Today’s program was an adventure in Mani, the one part of Greece that no one ever successfully conquered (the Ottomans tried for a bit, but it didn’t take). This area has a reputation for hot-blooded, firey-tempered people, and it’s easy to see why: the landscape is the most barren, dry and rocky I’ve seen, with tall brown mountains plunging down into stunning beaches. The people of Mani were faced with scarce resources, so they spent their time building big, blocky towers to protect their dominions. In their spare time, they engaged in blood feuds. Rumor has it the last one took place in the 1970s.

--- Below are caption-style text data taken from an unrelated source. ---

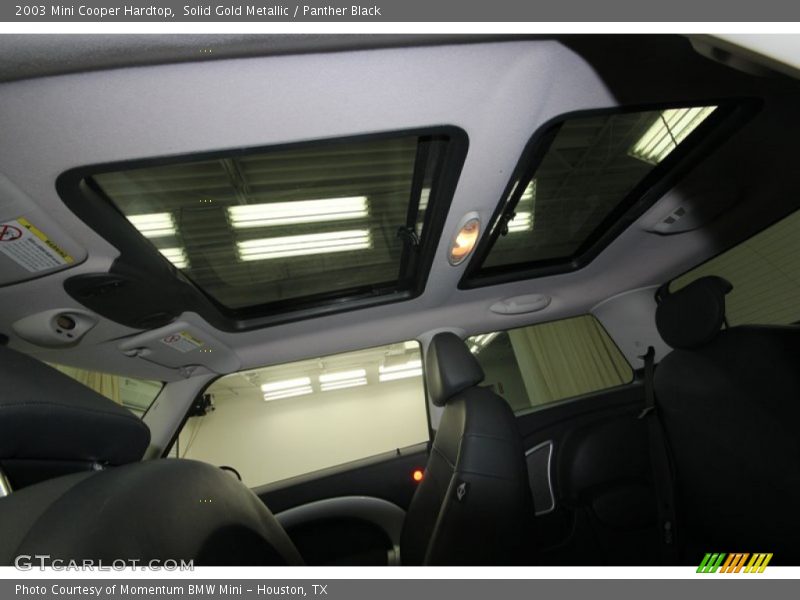 Solid Gold Metallic / Panther Black 2003 Mini Cooper Hardtop
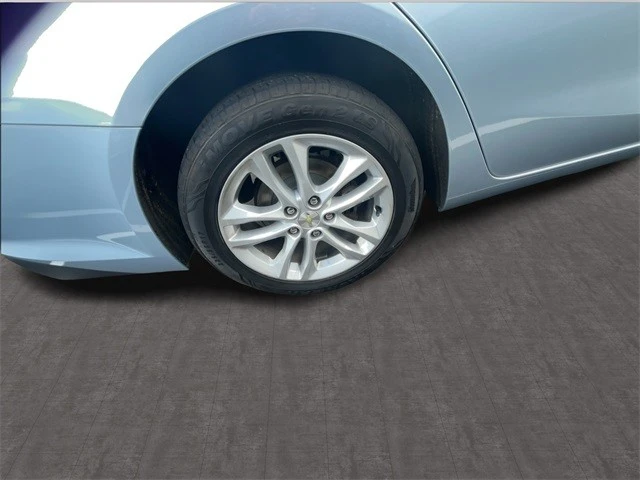 2017 Chevrolet Malibu - Image 10 of 21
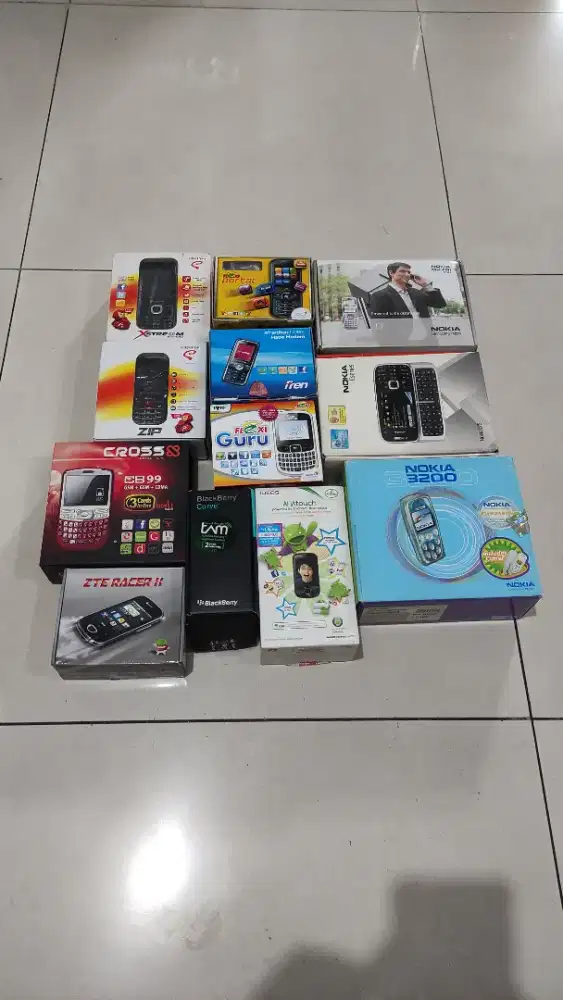 Nokia AHA Flexi Smartfren ZTE Wailung Blackberry Phone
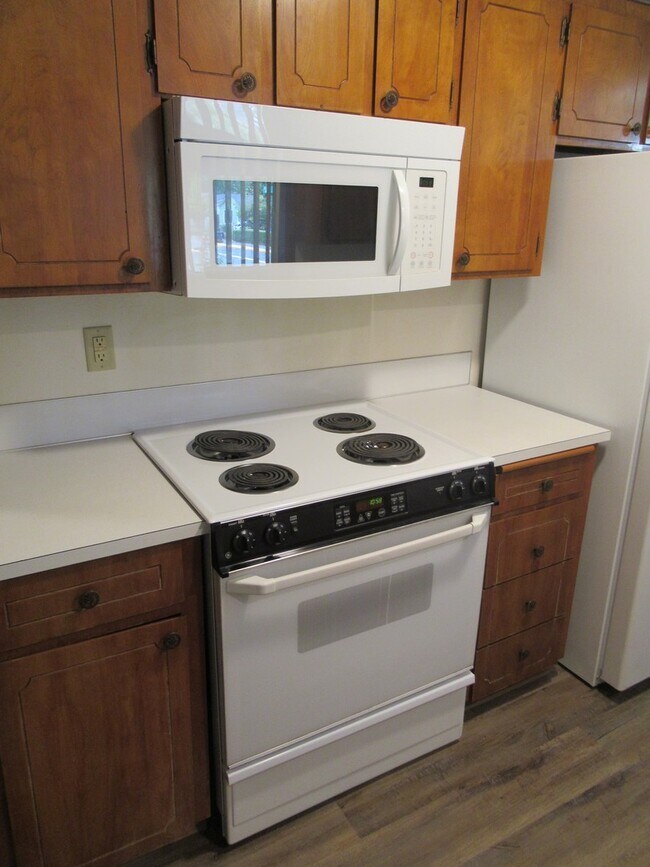 Building Photo - Three Bedroom Duplex in South Salem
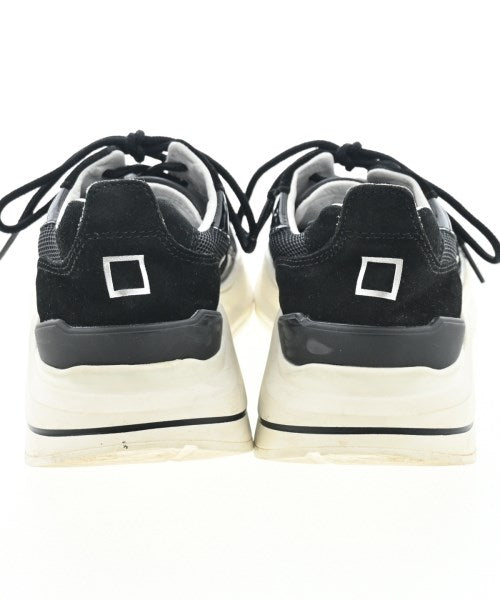 D.A.T.E. รองเท้าผ้าใบ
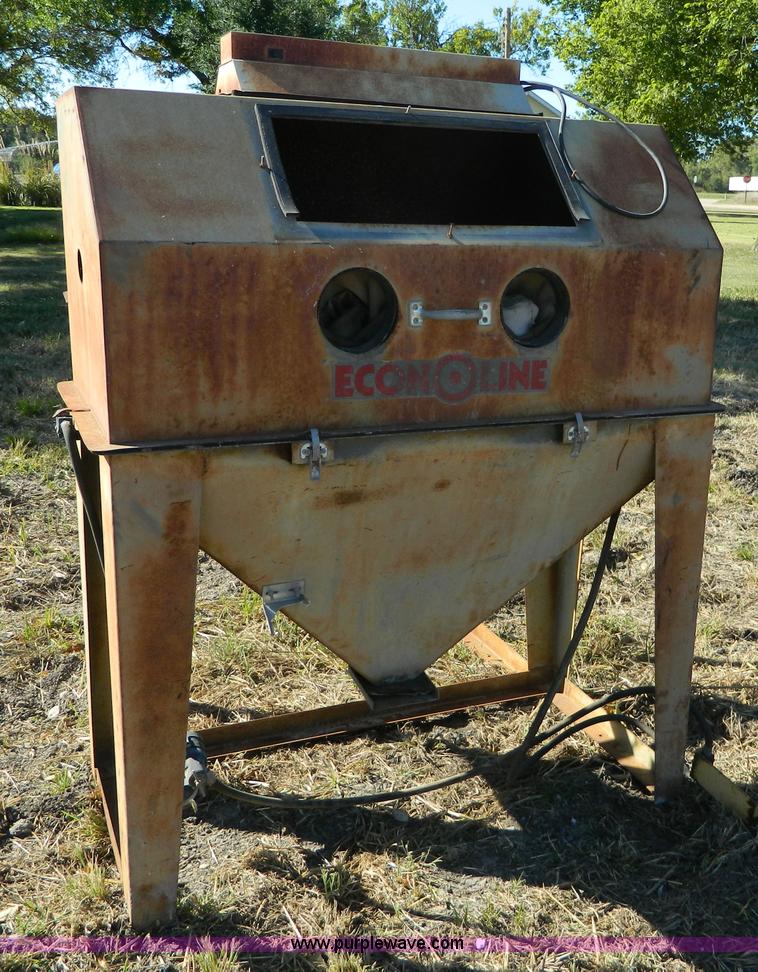 image for item AZ9144 Econoline cabinet sandblaster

George was my tour guide today. Our first stop was Gythio, the largest city in Mani. I’d already been to the town several times for the market and ATM, but George showed me a new area: the port, where fishermen were setting up their morning spots and a young boy was carrying a live octopus.
Our next stop was the Diros caves, a series of underground caves that can be reached in most places only by boat (or swimming, I suppose, but that wasn’t presented as an option. If it had been, I would’ve taken it. They’ve enlarged the caves in places so that a rowboat loaded with seven or eight people can go through with much head-ducking and leaning. Then you get out of the boat and walk the last two hundred meters, through caves so high and tall that they might have inspired legends of the kingdoms of dwarves. Going through the caves was a truly amazing experience – one of those places that reminds you where the term “jaw-dropping” originated, because you realize you’ve had your mouth hanging open most of the time. I thought I’d be claustrophobic, but I could’ve gone through again and again. And Prescott might ask, “how many pictures of stalactites do we really need?” The answer, if you look at my full camera roll, is: a lot.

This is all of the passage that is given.